JAKARTA – Menopause adalah fase alami dalam kehidupan perempuan yang menandai selesainya siklus menstruasi secara permanen. Umumnya, fase ini terjadi antara usia 45 hingga 55 tahun.
Namun, penelitian baru menunjukkan bahwa gaya hidup, terutama kehidupan seksual yang sehat, dapat mempengaruhi waktu terjadinya menopause.
Sebuah studi yang diterbitkan dalam Royal Society of Open Science mengungkap hubungan menarik antara aktivitas seksual dan waktu menopause. Penelitian ini melibatkan lebih dari 2.936 perempuan di Amerika Serikat dengan usia antara 42 hingga 52 tahun.
Tujuan dari penelitian ini adalah untuk mengevaluasi seberapa sering para partisipan terlibat dalam aktivitas seksual, termasuk berbagai bentuk seperti sentuhan, seks oral, hubungan seksual penetratif, dan masturbasi.
Data yang diperoleh menunjukkan bahwa sekitar 78% partisipan berada dalam ikatan pernikahan atau menjalin hubungan, dan 68% tinggal bersama pasangan mereka.

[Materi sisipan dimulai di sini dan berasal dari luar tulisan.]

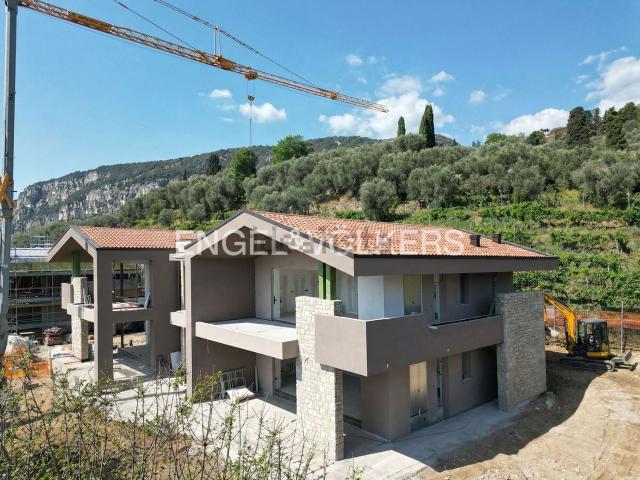 Appartamento in vendita di 167 m² in Via Emilio Salgari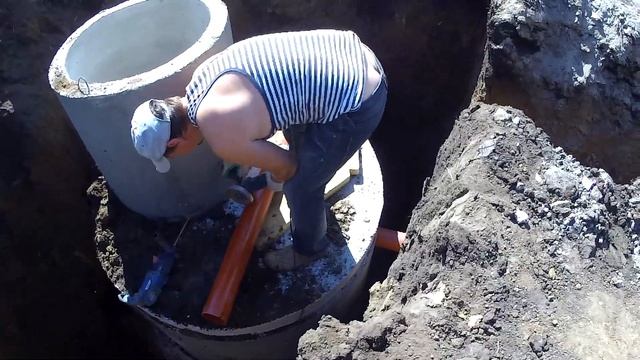 Строительство дома своими руками. Монтаж септика смотреть онлайн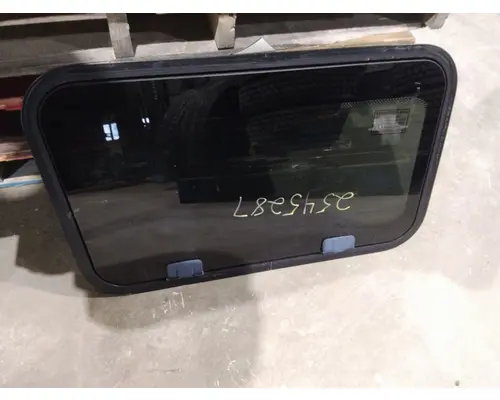 VOLVO VNL GLASS, SLEEPER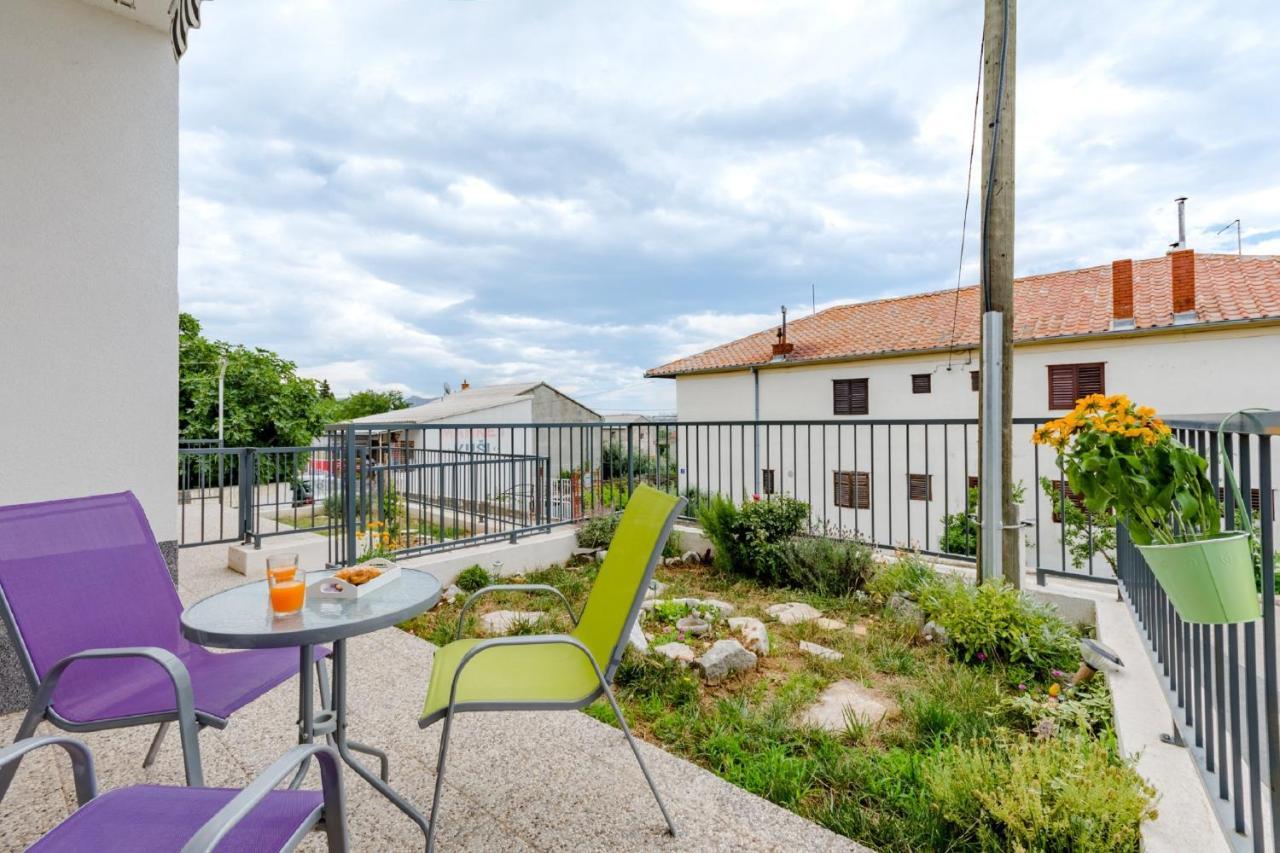 Apartment Anamaris Solin Buitenkant foto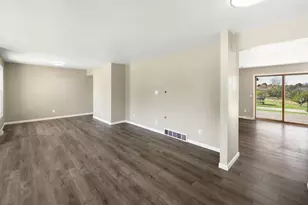 2119 Morningside Dr, Janesville, WI 53546 - Photo 5
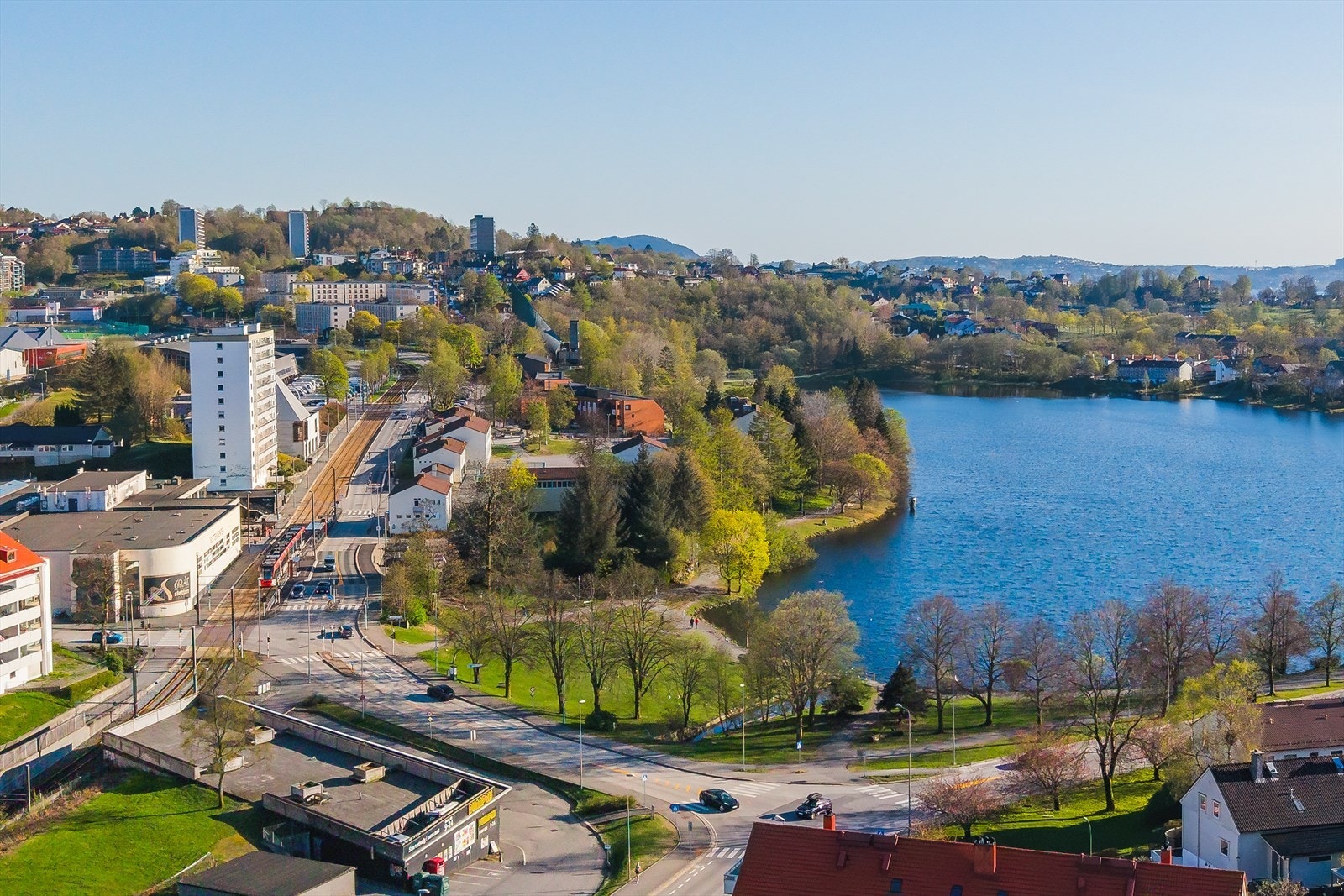 Like ved senteret ligger også Tveiteråsvannet, som byr på en flott og lavterskel joggetur rett utenfor døren. Galleribilde
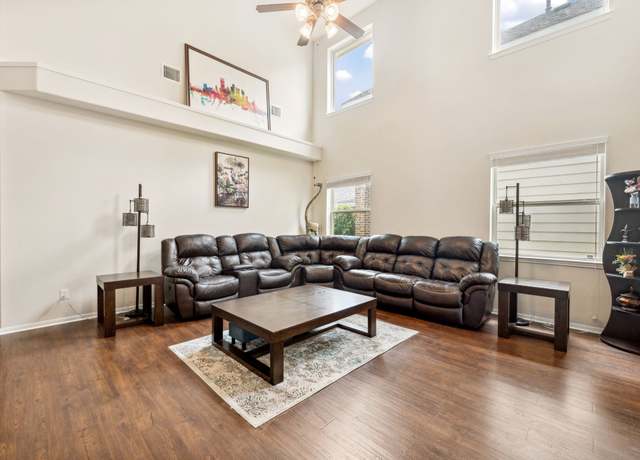 Property at 11134 Sun River Falls Dr, Humble, TX 77396, 4 beds, 2.5 baths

Hasil analisis menunjukkan bahwa perempuan yang melaporkan terlibat dalam hubungan seksual setidaknya sekali seminggu memiliki kemungkinan 28 persen lebih rendah untuk mengalami menopause dini dibandingkan dengan mereka yang hanya melakukannya sebulan sekali atau lebih jarang.
Megan Arnot, penulis utama studi tersebut dan kandidat PhD di bidang antropologi evolusioner di University College London, menjelaskan bahwa temuan ini berasal dari pengamatan bahwa perempuan yang sudah menikah cenderung mengalami menopause pada usia yang lebih tua.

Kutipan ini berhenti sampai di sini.